In conclusion, participants agreed that ECOMOG’s mandate should retain enough flexibility and dynamism to enable enough room to shift from peacekeeping or enforcement to transformation especially when parties are agreed to cease-fire. ECOMOG should, under these circumstances, play significant roles in reconstruction and development activities, disarmament, demobilisation, full integration of the citizenry, training of a disciplined and loyal force and general confidence building measures.

  1. The Role of Civil Society in Peace Building

In this session, the key questions that came up for discussions include the following: What are the responsibilities of the civil society in ensuring peace and stability? What should be the interface between civil society and the state in the maintenance of peace? What roles should civil society actors play in the different phases of peace support operations? How should the activities of civil society groups be co-ordinated with those of the peace force? How can civil society improve the understanding of regional forces in peace support operations?

Dr E.Gyimah-Boadi led the discussion. He defined civil society as the realm between the household and the state, populated by voluntary groups and associations, sharing common interests and largely autonomous from the state. Lying at the core of the concept, according to him are intermediate institutions and private groups that thrive between the realm of the state and family such as voluntary associations, charities, choral groups, religious associations, social clubs, professional groups and trade unions. They include NGOs and CBOs but not coextensive to it. It also includes the media.

Dr Gyimah-Boadi indicated that civil society can be organised or not, progressive or conservative, civil and uncivil, and can be for good or evil. Over the last decade, organised civil society has played a significant role in the promotion of good governance in the region. They have also been involved in specialised sectors like gender and the environment. The security sector is one area where the African civil society has not been very active but in arguing for their involvement, Dr Boadi cautioned against unrestricted roles even as all participants agreed that the energy and dynamism of the civil society can be cultivated in security issues for the purpose of peace building. The lead presenter gave the examples of the oversight functions that certain sectors of the civil society might be able to play. The press and media were seen as having an important role to play, and the need for more non-governmental organisations both at the urban and grassroots levels to engage in peacekeeping and security issues was emphasised.

Several participants agreed that the involvement of civil society in security and peace building issues at an organised level has been minimal.
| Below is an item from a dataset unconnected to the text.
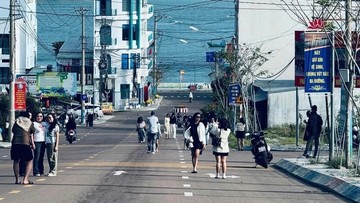 Xử lý du khách đứng giữa đường chụp ảnh "đu trend" Đại Lý 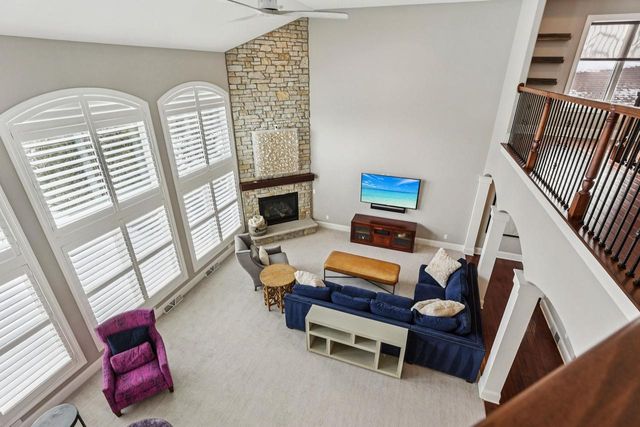 805 Blue Aster Trail, Middleton, WI 53562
They however stressed the importance of contextualising this lack of involvement properly. First, some participants observed that members of the civil society have always played and continue to play important peace building roles in countries in conflict. If peace-building is taken as the sum total of activities that will support peace making and conflict transformation: demobilisation, re-structuring of the local security system – police and the military; resettlement of refugees and the internally displaced persons; removal of dangerous weapons – mines and other unexploded firearms, reconstruction of shattered infrastructure and humanitarian and disaster relief – civil society is key to the successful implementation of these various aspects of post-conflict peace building process.

Although participants agreed that the civil society can be critical to all of the elements of conflict transformation mentioned, civil society involvement in peace building and security issues will only become substantial if various sectors of the civil society overcomes the psychological barrier between the civil society and the military. Whilst this reluctance to disengage from security issues is understandable, given the military antecedents in West Africa, participants agreed that improving civil military relations is a key challenge for most West African countries. It was accepted that this could only happen through a process of demystifying the military and through the provision of countervailing sources of information about the military. Several participants, including parliamentarians noted that an evident lack of knowledge of the military has made it impossible for an informed discussion of issues relating to the military and peace building and precluded oversight functions necessary for democratic control of the military and security issues.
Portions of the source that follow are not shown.